What are Neural Networks
The human brain is the most efficient processor known to mankind. Its ability to analyze data and make decisions in real time has not been matched. This has not stopped scientists and researchers from trying to recreate something similar, neural networks. As the name suggests, a neural network is a network of neurons connected together.
As Applied To Artificial Intelligence
In Artificial Intelligence (AI) a neural network is a computer system modeled on the human brain and nervous system. The inventor of the first neurocomputer, Dr. Robert Hecht-Nielsen, defines a neural network as…
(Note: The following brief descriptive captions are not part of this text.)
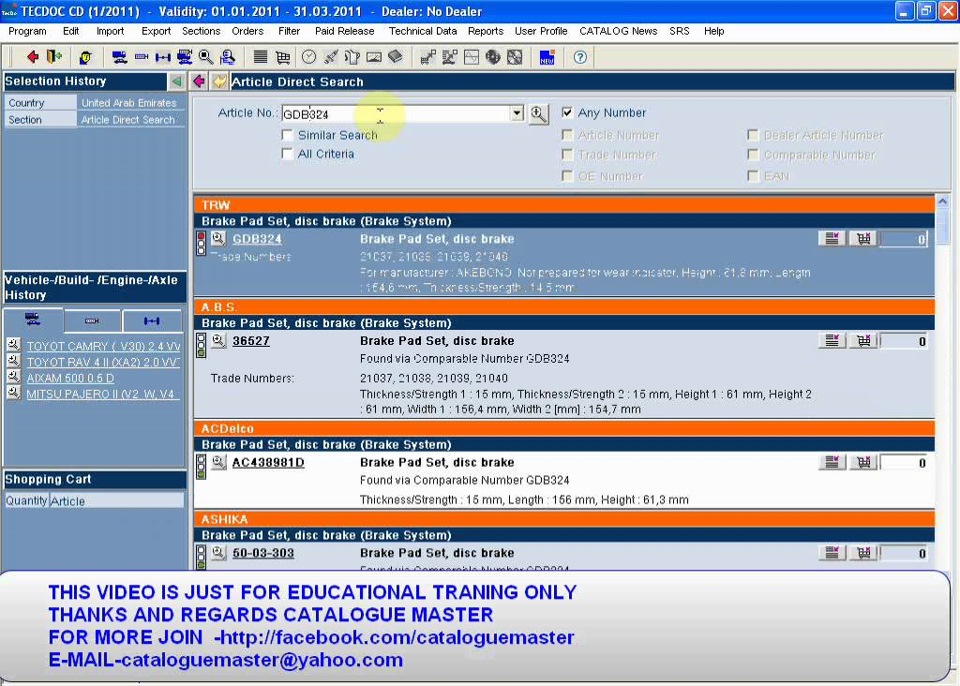 Tecdoc database export to mysql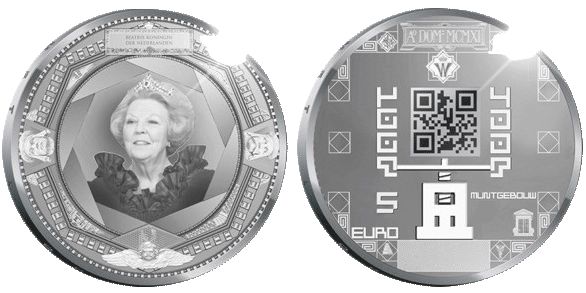 5 Euro Münzgebäude Niederlande 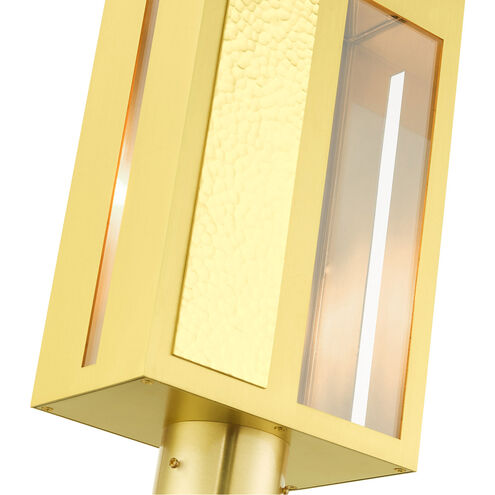 Lafayette 1 Light 17 inch Satin Brass Outdoor Post Top Lantern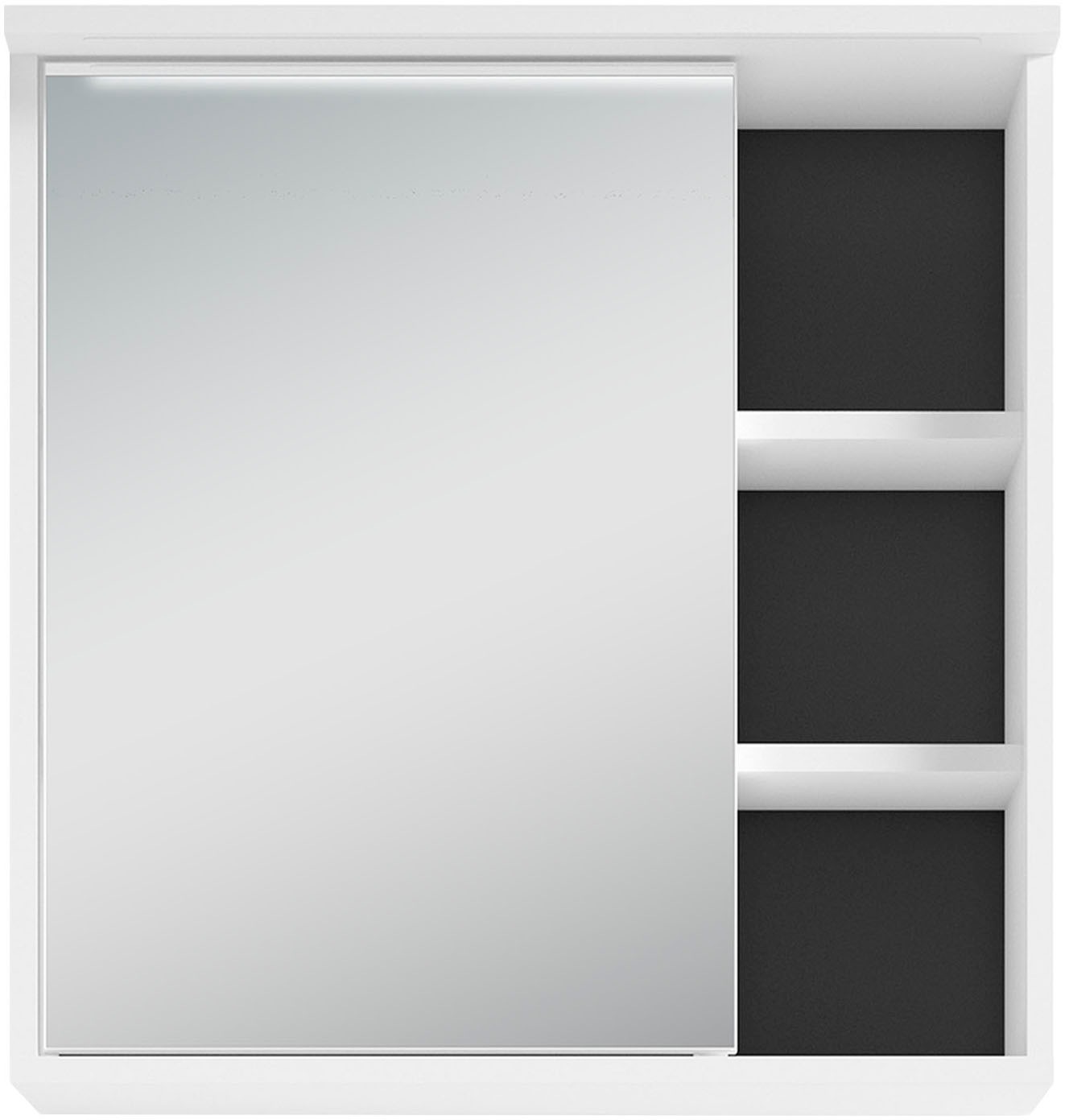 Thumbnail - byLIVING Spiegelschrank "Wellness", (1 St.), 60cm Badschrank mit LED-Leuchte, großem Spiegel und viel Stauraum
“…a computing system made up of a number of simple, highly interconnected processing elements, which process information by their dynamic state response to external inputs.”
The idea behind the neural networks is that the workings of a human brain can be replicated by using silicon wires as neurons and dendrites. The networks are made up of a number of nodes, where each node replicates a neuron. These nodes are all connected together and can interact with one another. They can take input data and perform single operations on the data. The result is passed onto the next one and the output of each node is called its activation or node value.
Feedforward and Feedback
Each node is associated with a weight. Neural Networks are capable of learning, which takes place by altering weight values. There are two types of neural networks; Feedforward and Feedback.
In the feedforward network, the information flows in a single direction. A unit sends information to another unit from which it does not receive any information. There are no feedback loops. They are used in pattern generation, recognition and classification. They have fixed inputs and outputs. Whereas, in feedback networks, feedback loops are allowed. These are used in content addressable memories.
There is a connection between the two neurons or nodes which act as a pathway for information to flow through. As mentioned earlier, each connection has a weight. This is an integer number and controls the signal between the two nodes.
If the network generates the desired output, the weights remain as they are and there is no need for them to be changed. The other case is that the network generates an undesired output. In that case, the system alters the weight in order to improve the results and the cycle is repeated until the desired output is reached.
Relation To Machine Learning
Like the brain, neural networks also have the capability to learn and this is where machine learning comes in. Different machine learning techniques can be employed to ensure progressive learning and improve the system in real time. We will see a little more development in the field. Machines will be replacing humans for simple but arduous tasks in the near future.